Huffbit is a command-line program written in Go that implements Huffman coding for data compression
- Huffman code is a type of optimal prefix code that supports lossless data compression by assigning variable length codes to the characters of a file.
- Most frequent characters are given a shorter code, while comparatively larger codes are given to uncommon characters, thus reducing file size optimally.
- This is done by counting all the characters in a file, then constructing a Huffman Tree for assigning values to them.
- These codes are then written bit by bit to the output file.
- Implements the classic Huffman coding algorithm.
- Supports compression and decompression of byte data.
- Leverages Go's standard library packages for efficient file handling and data structures.
The Go programming language installed on your system.

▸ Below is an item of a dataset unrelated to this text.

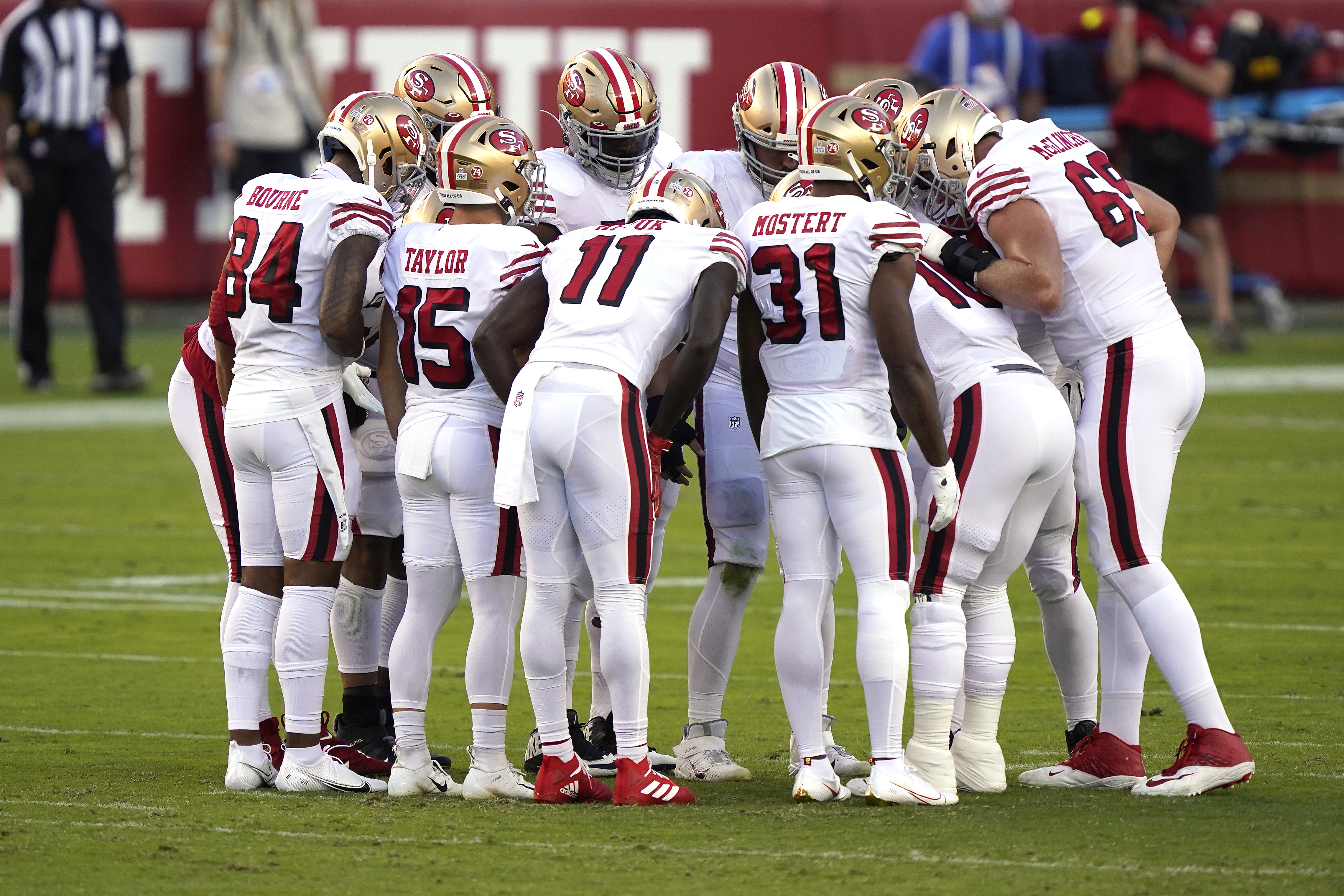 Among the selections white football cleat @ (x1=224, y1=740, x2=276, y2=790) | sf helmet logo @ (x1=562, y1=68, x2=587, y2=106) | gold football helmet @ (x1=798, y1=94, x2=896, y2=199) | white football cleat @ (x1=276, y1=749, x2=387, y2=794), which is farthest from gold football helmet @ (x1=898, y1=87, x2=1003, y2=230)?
white football cleat @ (x1=224, y1=740, x2=276, y2=790)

git clone https://github.com/ary82/huffbit.git && cd huffbit
go build -o ./bin/
or using make,
make build
This will create an executable in the bin directory. (Optionally add this file to your path)
# Compress a file
./bin/huffbit -c /your/txt/file
# Decompress a file
./bin/huffbit -d /your/txt/file.huffbit
or if you've added the executable to your path,
# Compress a file
huffbit -c /your/txt/file
# Decompress a file
huffbit -d /your/txt/file.huffbit
Let's take the input string "huffbit":
This program makes the following huffman tree:
The Codes for the characters will be generated as:
Character | Code |
---|---|
f | 00 |
i | 010 |
t | 011 |
b | 100 |
h | 101 |
newline | 110 |
u | 111 |
After Writing the necessary headers, the encoded characters will be written to the output file:
After compression, we can see the bytes needed get reduced from 8 in "huffbit\n" to just 3 in the compressed file, making it a theoretical compression of 62%